Thursday, June 20, 2024

Hey, Operator

 

Won't you help me make this call?

On Father's Day, we were having lunch with our youngest granddaughter and her parents.  I told her that Mother's Day was the biggest day of the year for restaurants, while Father's Day was the biggest day for collect calls.  I was hoping that joke would elicit at least a chuckle. Rather, a puzzled look and .. "What's a collect call?".  Yet another confirmation of my passage into geriatric-hood. What was I thinking? A Gen-Z'er, born with a cell phone in the cradle, how would she possibly understand collect calls?

I went on to explain it used to be that that every 'long distance' call was individually charged to your phone bill, priced by the minute - long distance meaning any call that crossed out of the local telephone company's territory. A caller had the option to ask the operator to "reverse the charges" so the cost would show up on the callee's bill rather than your own. This feature was often used by children calling home. You just told the operator you wanted the call to be collect and she - always she - would connect the call and ask "Will you accept the charges?".  Another puzzled look .. "What's an operator?".  Deeper and deeper into the twilight zone.
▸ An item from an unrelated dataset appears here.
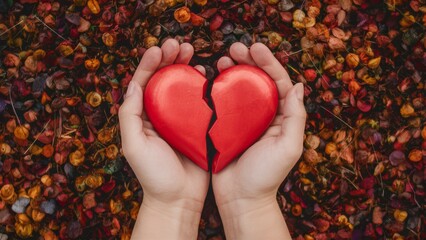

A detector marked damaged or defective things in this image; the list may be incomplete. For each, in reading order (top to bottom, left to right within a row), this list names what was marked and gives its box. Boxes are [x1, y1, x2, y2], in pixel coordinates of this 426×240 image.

red broken heart [145, 63, 278, 172]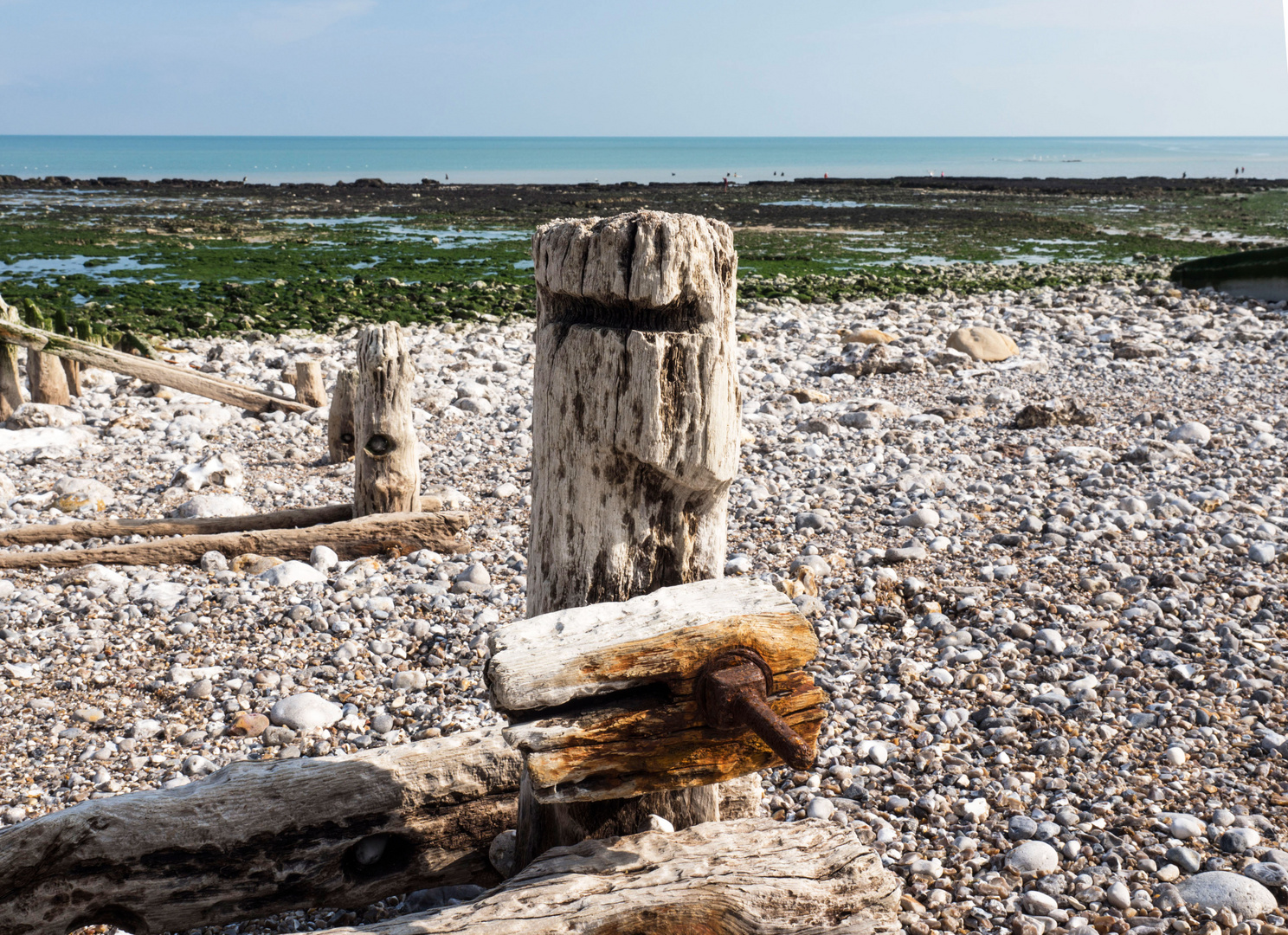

So I had to explain 1950's phone technology. I could as well been speaking Urdu. Before age of the dial phone, an operator fielded every request and connected you to someone via a telephone switchboard.  You picked up the phone and heard "Number please?" and waited for the call to be put through. Our home phone number was 74.  The hardware's was 2.  Grandma was 35. Lowry telephone operators were also the watchdogs of Main Street.  I could pick up the phone and ask Inez or Leona if they knew where my dad might be. "Oh, I just saw him go into the cafe".  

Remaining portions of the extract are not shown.